Wherever I go, I am always looking for birds. From the ferry to Islesboro, I saw a handful of loons and dozens of guillimots, a small relative of the puffin. Guillimots are about the size of a pigeon and sit on the water.

In summer, they are black with a big white spot on their wings. When you see them on their nesting islands, you can see that they have bright red legs and feet. From the cliffs of Mount Desert Island, you can look down and see them in the waves below. From that vantage point, you can even see how they paddle underwater with their bright red feet.

The bird walk on Islesboro always leads to a good sandpiper area – a wide span of mud flat. We try to go an hour past high tide. Sandpipers rest at high tide, and then it’s time to feed again.

Sure enough, they arrived just as scheduled – semi-palmated sandpipers and semi-palmated plovers. “Semi-palmated” means partially webbed. Between two toes, there is a little webbing that helps them walk on top of the deep mud. You and I would sink eight inches down in that muck as the semi-palmated ones ran all around us.

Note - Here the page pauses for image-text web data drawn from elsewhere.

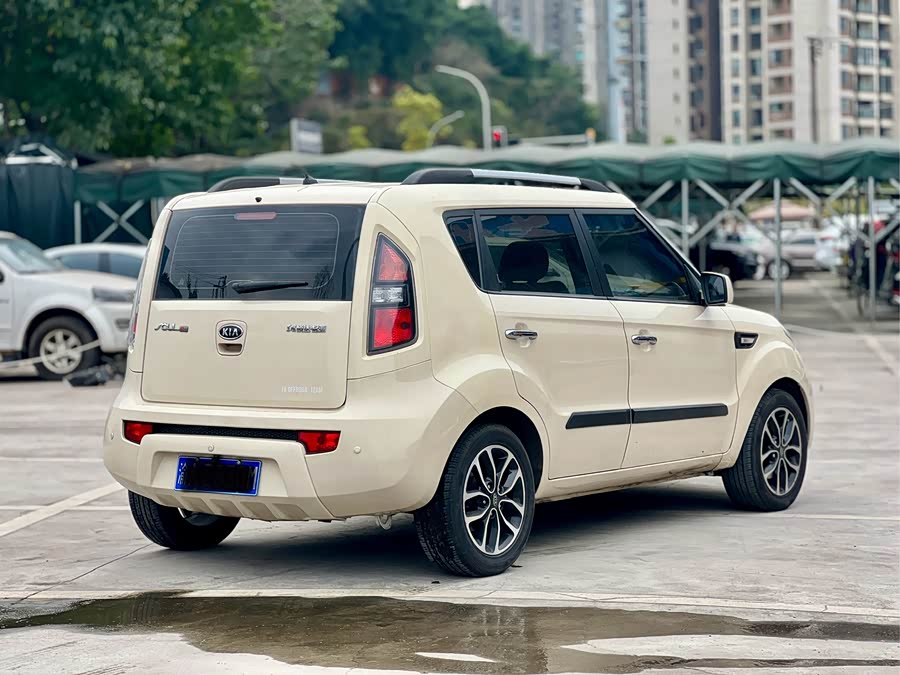 Kia Soul 2011 immagine di auto #5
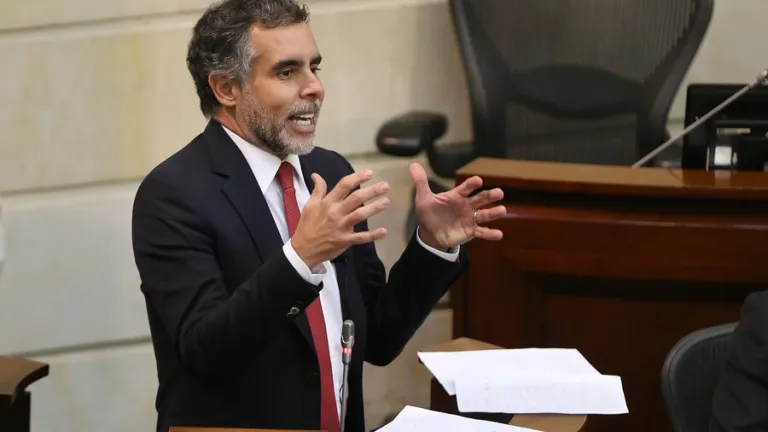 Escándalo de Fonade: Corte citó a senador Armando Benedetti a versión libre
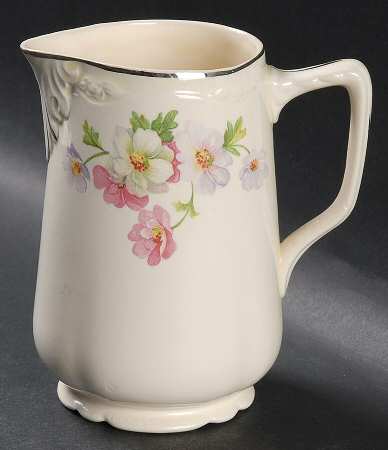 Fluffy Rose 1 (Platinum Trim) 16 Oz Pitcher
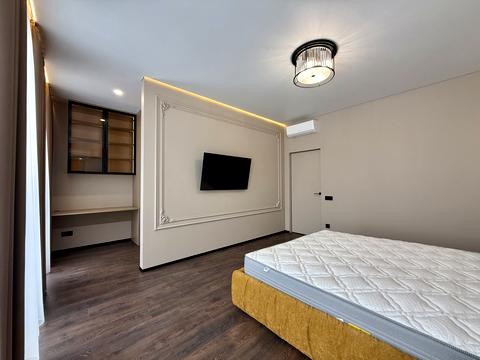 будинок за адресою с. Петропавлівська Борщагівка, Центральна вул.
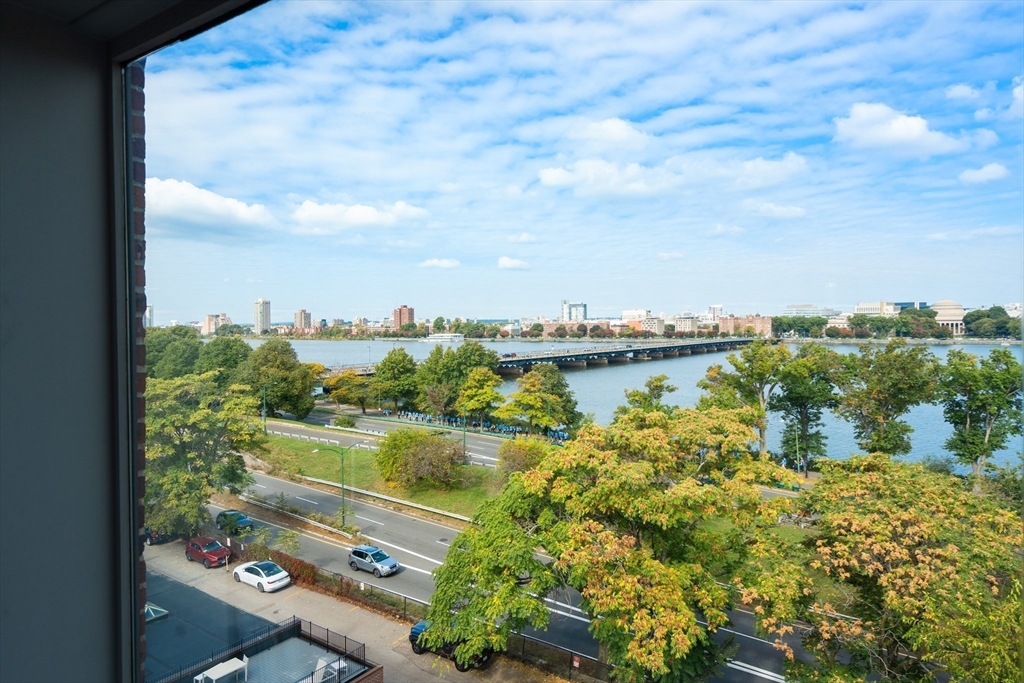 458 Beacon Street 6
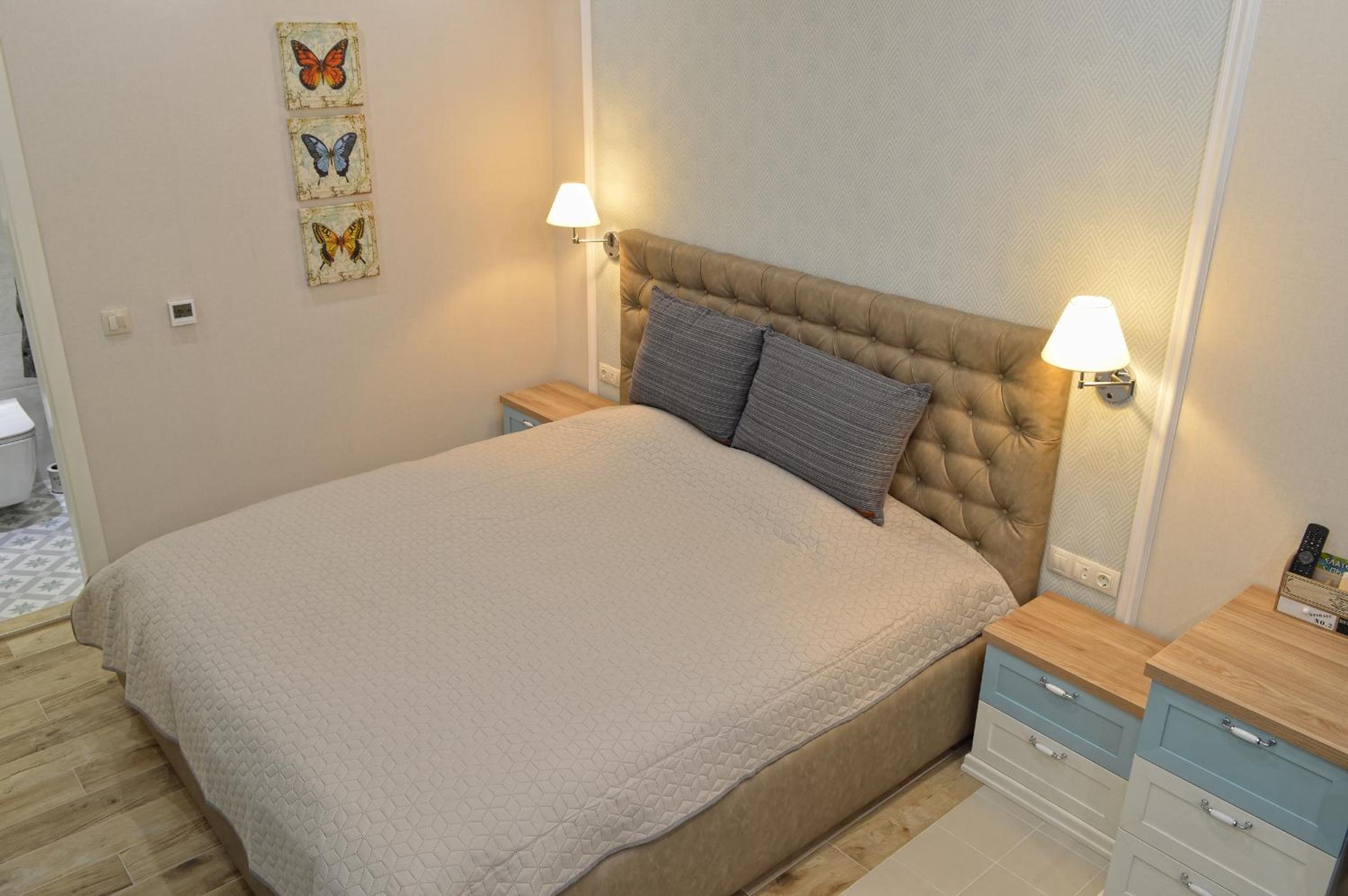 Studio Apartment - Photo 16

The fall migration is in full swing, and this is the time to find rarities. As the ferry arrived and I said good-bye to my friends, a sparrow with white outer tail feathers flew by.

Oh, nice, I thought. It must be a vesper sparrow. They have white outer tail feathers. That’s not an everyday sparrow for me.

I took another look as I walked towards the ferry. It was not a vesper sparrow. It was a rarity – a lark sparrow from the Midwest. Instead of migrating south, this first-year individual migrated east. Let’s hope it heads south down the coast, eventually to arrive in Mexico. Meanwhile, I got to see this rare little sparrow subdue a large grasshopper and eat it, just as I ran for the ferry.